Doing what you have never tried will be a challenge but can produce results that set you far ahead of where you ever imagined your organization to be. A real-world example of this can be seen in Wrigley Gum. William Wrigley Jr. was on a mission to sell soap and baking powder initially, giving away packs of gum for free to entice customers to stay loyal.

Over time, Wrigley found that customers were only buying his soap and baking powder to get the free gum, so he decided to go completely opposite and sell the gum instead. The rest, as they say, is history. Would William Wrigley Jr. have thought to sell the gum himself without the request from a customer? Likely not, as he was dedicated to his status quo, and it was paying off but stagnating.

Going Opposite With Digital Disruptions

Wrigley Gum and the principle of going opposite applies in several circumstances; however, most notably, it is highly applicable when a company is digitally disrupted.

Companies I frequently work with to develop Anticipatory strategies try not only to protect and defend their status quo, something most companies do by default, but they also use Hard Trends to both avoid digital disruption, and create new disruptive products and services putting them in the driver's seat by making them a positive disruptor. Becoming the disruptor is the opposite of becoming the disrupted!

A great way to leverage Hard Trends to your advantage and foster an Anticipatory mindset, is to go opposite and embrace the full potential of digital disruptions.

One of the best companies in the world for making sailing equipment for both very large, as well as small sail boats, supported their global customers with free advice on how to rig their boats. They had been doing this since they started the business decades ago. Their company was rapidly growing giving them an increasing problem; the rapid growth of their free help line costing them both time and money.

To solve this increasing problem, they looked in the opposite direction of free - a high-value help line that charged for the value received.

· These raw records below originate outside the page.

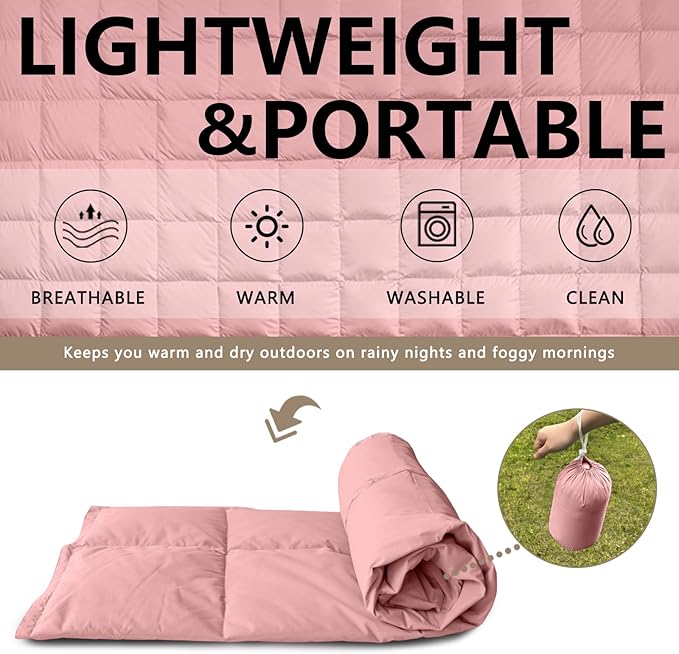 zzlamb Puffy Down Camping Blanket Water-Repellent, Down Throw Travel Blanket Portable for Outdoor, Light Warm Quilt for Couch Plane Car Theater Stadium Picnic RV Backpacking Hammock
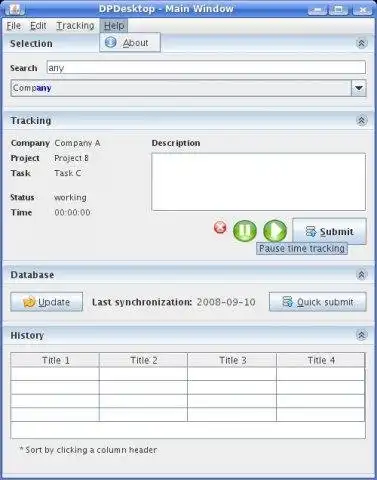 Download web tool or web app dotProject Desktop Tracking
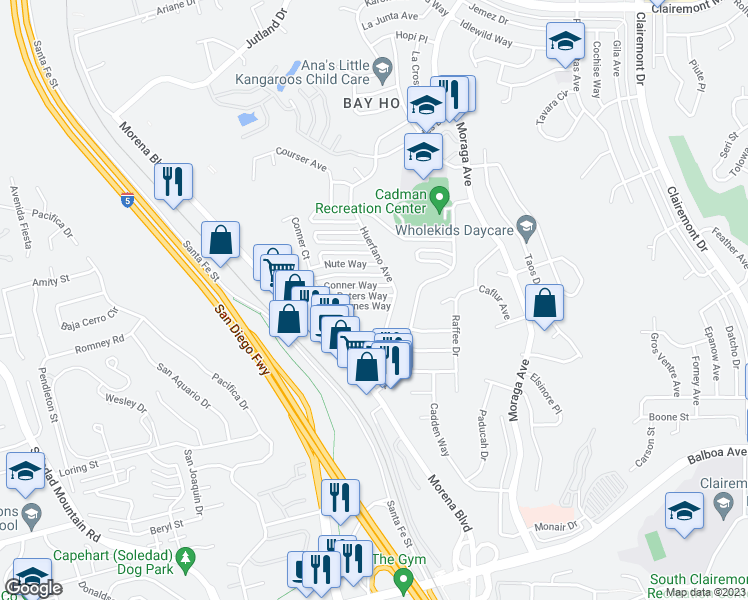map of restaurants, bars, coffee shops, grocery stores, and more near 3075 Peters Way in San Diego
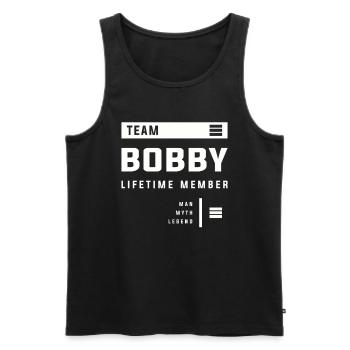 Team Bobby Lebenslanges Mitglied Lustiger Name Bobby - Männer Premium Bio Tank Top - Schwarz - Vorne - Michal (187cm)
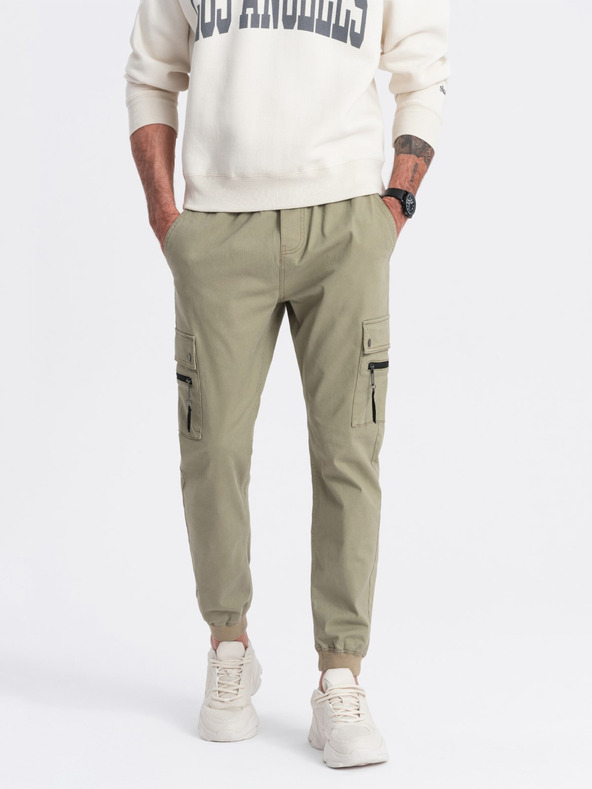 Ombre Clothing Khaki pánské cargo jogger kalhoty Ombre Clothing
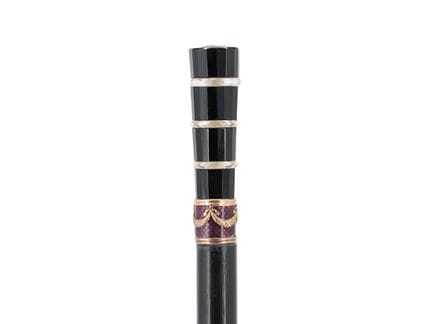 Elegante bastone da passeggio con onice, cristallo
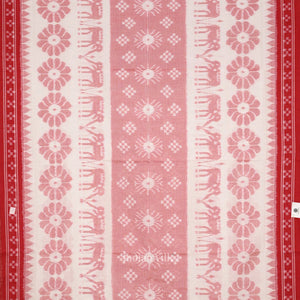 White Red Elephant 3d Pasapali Sambalpuri Ikat Pure Cotton Saree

To transition customers to this model, they created levels with basic free help for a period of time, but they also offered customers a way to upgrade to higher levels of help for a fee thus turning a big expense into a new income stream. In addition, they could offer this new high-end service to the customers of competitors. As you might guess, opposites work better!

Whether you have an all-digital, or an all-physical business, or a blend of the two, my Anticipatory principles including my Law of Opposites, is designed to help you discover new opportunities to create a new level of competitive advantage. Pick a product, service, process, or problem, and apply the Law of Opposites today!